Krdytkyu

Problem - Given three sorted arrays find combinations which are closest to each other.

example -

i/p - 3,8,18  7,11,16  10,15,19

o/p - (8,7,10)



i/p - 2,2,6  11,15,15  8,8,18

o/p - (6,11,8)

Kindly review this scala code and suggest improvements

import scala.math.Ordering._



object NearestMatch {



  def main(args: Array[String]) = {

    val size = args(0).toInt

    val range = args(1).toInt

    val (a,b,c) = (Array.fill(size)(scala.util.Random.nextInt(range)).sorted,

           Array.fill(size)(scala.util.Random.nextInt(range)).sorted,

           Array.fill(size)(scala.util.Random.nextInt(range)).sorted)



   println(a.mkString(","))

   println(b.mkString(","))

   println(c.mkString(","))



  var (i,j,k) = (0,0,0)

  var (pa,pb,pc) = (0,0,0)



  var curDiff = 12345 // a very large number

  while (i < a.size && j < b.size && k < c.size) {

    val min = Math.min(a(i), Math.min(b(j), c(k)))

    val max = Math.max(a(i), Math.max(b(j), c(k)))

    val newDiff = max-min



    if (curDiff > newDiff) {

      pa = i

      pb = j

      pc = k

      curDiff = newDiff

    }



    if (a(i) == min) i+=1

    else if (b(j) == min) j+=1

    else k+=1

  }

   println(a(pa), b(pb), c(pc))

  }

}

A few things I noticed while looking over the code:

1. You don't need the import scala.math.Ordering._ statement. It's not buying you anything.


2. It would be easier to read/follow the code if you used better variable names.


3. 
   12345 actually isn't a very big Int. Int.MaxValue would be better.


4. If this val size = args(0).toInt is zero then this println(a(pa), b(pb), c(pc)) will throw.


5. According to a hint from the IntelliJ IDE, array.length is more efficient than array.size because .size "requires an additional implicit conversion to SeqLike to be made."

But the real problem is that you're using Scala, a functional language, to write imperative code with many mutable variables, making the code more verbose.

Your algorithm is efficient and limits the number of while loop iterations, so how to express it in a functional manner: recursion.

def minDif[N:Numeric](x :Seq[N] ,y :Seq[N] ,z :Seq[N]

                     ,curSet :Seq[N] ,curDiff :N) :Unit = {

  import Numeric.Implicits._

  import Ordering.Implicits._



  if (x.isEmpty || y.isEmpty || z.isEmpty)

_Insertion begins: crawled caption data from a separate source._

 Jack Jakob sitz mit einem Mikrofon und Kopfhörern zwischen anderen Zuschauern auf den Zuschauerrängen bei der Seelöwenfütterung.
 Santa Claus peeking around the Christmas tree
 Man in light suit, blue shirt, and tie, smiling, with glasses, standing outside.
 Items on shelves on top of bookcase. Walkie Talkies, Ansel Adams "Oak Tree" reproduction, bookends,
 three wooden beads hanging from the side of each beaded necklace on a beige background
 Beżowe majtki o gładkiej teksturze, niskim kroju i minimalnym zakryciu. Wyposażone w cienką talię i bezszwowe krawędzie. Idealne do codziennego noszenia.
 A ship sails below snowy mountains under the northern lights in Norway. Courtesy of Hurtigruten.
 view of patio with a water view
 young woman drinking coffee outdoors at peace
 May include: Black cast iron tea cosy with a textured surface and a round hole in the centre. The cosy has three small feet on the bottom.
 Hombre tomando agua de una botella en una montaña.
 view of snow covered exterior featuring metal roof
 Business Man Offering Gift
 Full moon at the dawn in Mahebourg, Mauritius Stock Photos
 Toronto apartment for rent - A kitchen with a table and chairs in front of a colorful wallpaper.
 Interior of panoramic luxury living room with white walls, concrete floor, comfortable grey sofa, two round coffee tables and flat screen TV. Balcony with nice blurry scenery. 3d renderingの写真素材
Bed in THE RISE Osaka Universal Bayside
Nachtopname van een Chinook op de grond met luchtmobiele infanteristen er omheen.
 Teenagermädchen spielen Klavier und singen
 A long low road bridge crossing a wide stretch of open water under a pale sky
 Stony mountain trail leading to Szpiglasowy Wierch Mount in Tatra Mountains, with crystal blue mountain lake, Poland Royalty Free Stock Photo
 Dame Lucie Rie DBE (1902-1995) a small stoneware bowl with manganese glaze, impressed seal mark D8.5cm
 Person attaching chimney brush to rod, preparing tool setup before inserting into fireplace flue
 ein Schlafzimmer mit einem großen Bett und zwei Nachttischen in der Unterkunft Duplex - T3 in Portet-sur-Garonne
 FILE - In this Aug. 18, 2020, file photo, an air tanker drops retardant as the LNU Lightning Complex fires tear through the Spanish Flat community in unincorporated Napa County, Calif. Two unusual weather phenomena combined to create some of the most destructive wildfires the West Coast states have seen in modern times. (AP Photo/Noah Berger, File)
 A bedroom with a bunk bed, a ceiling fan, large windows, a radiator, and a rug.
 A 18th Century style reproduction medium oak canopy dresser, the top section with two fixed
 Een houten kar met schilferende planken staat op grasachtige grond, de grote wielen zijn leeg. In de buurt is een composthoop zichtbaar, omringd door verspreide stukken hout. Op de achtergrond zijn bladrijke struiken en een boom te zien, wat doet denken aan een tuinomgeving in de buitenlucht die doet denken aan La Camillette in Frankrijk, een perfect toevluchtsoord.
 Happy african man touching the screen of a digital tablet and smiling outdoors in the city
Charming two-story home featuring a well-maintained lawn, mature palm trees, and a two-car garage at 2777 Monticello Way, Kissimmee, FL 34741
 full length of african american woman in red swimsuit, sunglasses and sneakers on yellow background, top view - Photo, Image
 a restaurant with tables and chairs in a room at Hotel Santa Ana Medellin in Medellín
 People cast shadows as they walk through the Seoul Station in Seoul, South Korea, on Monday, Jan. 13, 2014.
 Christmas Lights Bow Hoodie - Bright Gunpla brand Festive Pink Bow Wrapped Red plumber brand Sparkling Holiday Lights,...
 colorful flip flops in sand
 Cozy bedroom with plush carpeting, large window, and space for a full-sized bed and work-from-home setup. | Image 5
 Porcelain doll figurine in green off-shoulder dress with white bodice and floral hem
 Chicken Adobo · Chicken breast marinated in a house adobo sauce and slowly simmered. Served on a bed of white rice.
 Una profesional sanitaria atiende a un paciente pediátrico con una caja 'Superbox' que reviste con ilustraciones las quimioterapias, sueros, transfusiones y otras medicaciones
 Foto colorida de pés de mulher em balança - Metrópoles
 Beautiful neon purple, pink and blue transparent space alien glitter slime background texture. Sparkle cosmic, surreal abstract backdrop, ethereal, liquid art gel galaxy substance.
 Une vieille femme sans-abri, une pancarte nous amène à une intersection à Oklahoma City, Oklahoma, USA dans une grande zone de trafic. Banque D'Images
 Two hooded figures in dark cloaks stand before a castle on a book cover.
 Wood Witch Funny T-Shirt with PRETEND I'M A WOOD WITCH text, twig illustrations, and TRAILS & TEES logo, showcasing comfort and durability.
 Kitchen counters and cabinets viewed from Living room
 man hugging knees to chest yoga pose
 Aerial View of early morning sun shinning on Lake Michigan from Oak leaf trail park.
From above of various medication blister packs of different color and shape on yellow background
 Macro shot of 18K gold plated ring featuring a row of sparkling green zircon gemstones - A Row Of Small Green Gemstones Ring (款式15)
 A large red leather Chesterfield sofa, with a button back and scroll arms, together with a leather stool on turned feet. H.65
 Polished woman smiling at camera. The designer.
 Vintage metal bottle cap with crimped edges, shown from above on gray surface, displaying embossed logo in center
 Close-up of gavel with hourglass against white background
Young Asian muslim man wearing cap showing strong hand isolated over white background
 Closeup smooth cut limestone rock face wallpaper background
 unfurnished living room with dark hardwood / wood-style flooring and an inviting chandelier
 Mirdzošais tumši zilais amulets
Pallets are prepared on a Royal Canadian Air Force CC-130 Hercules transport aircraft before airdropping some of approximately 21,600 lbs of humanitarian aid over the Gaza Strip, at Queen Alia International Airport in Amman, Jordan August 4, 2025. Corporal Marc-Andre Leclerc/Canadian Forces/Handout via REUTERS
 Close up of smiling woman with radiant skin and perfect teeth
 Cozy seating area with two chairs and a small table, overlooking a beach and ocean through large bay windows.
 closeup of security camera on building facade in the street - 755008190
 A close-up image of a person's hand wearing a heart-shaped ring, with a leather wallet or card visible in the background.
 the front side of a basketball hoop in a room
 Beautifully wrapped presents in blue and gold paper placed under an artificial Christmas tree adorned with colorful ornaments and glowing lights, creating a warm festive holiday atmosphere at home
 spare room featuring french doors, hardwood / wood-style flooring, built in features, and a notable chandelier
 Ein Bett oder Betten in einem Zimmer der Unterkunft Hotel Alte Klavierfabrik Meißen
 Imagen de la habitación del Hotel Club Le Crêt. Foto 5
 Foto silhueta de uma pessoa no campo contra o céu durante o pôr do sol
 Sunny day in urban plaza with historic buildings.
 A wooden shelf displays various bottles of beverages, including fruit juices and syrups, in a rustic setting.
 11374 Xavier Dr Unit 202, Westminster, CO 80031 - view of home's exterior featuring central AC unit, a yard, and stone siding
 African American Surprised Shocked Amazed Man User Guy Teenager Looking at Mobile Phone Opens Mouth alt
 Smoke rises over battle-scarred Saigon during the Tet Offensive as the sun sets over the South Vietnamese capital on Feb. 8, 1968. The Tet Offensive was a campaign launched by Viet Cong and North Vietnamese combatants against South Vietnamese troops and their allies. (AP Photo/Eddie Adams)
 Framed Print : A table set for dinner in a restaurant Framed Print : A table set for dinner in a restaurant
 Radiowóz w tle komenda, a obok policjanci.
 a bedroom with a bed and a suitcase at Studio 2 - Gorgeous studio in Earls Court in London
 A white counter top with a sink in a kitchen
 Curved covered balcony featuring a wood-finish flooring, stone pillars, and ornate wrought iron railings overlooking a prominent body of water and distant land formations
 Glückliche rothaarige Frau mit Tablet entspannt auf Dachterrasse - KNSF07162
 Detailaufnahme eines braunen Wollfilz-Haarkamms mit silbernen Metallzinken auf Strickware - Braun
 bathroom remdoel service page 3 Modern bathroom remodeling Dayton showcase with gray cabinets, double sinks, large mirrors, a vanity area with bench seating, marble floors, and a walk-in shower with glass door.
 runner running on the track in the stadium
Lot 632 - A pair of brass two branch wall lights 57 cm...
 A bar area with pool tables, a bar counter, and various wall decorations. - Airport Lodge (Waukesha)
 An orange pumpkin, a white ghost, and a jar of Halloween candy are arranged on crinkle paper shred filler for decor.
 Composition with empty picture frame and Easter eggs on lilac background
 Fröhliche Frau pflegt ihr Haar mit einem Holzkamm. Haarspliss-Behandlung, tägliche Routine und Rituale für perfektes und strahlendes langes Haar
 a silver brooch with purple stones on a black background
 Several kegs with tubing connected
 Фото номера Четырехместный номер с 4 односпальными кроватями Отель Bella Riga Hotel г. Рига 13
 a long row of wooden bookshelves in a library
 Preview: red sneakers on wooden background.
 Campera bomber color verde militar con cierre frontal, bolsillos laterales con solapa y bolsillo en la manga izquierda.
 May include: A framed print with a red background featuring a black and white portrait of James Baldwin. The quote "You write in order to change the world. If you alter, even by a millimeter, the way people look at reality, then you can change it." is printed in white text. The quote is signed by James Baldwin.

    println(curSet.mkString(","))  //done

  else {

    val newSet  = Seq(x.head, y.head, z.head)

    val newMin  = newSet.min

    val newDiff = newSet.max - newMin

    val (nxtSet, nxtDiff) = if (curDiff > newDiff) (newSet, newDiff)

                            else                   (curSet, curDiff)

    newSet match {

      case Seq(`newMin`,_,_) => minDif(x.tail, y, z, nxtSet, nxtDiff)

      case Seq(_,`newMin`,_) => minDif(x, y.tail, z, nxtSet, nxtDiff)

      case Seq(_,_,`newMin`) => minDif(x, y, z.tail, nxtSet, nxtDiff)

    }

  }

}



// a b and c have already been populated and sorted

minDif(a, b, c, Seq(), Int.MaxValue)

The minDif() method is tail recursive so it is compiled to an equivalent while loop under the hood.

Notice that I used Seq as the collection type. This allows minDif() to accept many different types as input: Array, Stream, Vector, etc. Since there is no indexing into any collection there is little advantage in restricting it to just arrays.

Also the element type is Numeric so this will work with Int, Float, Long, etc.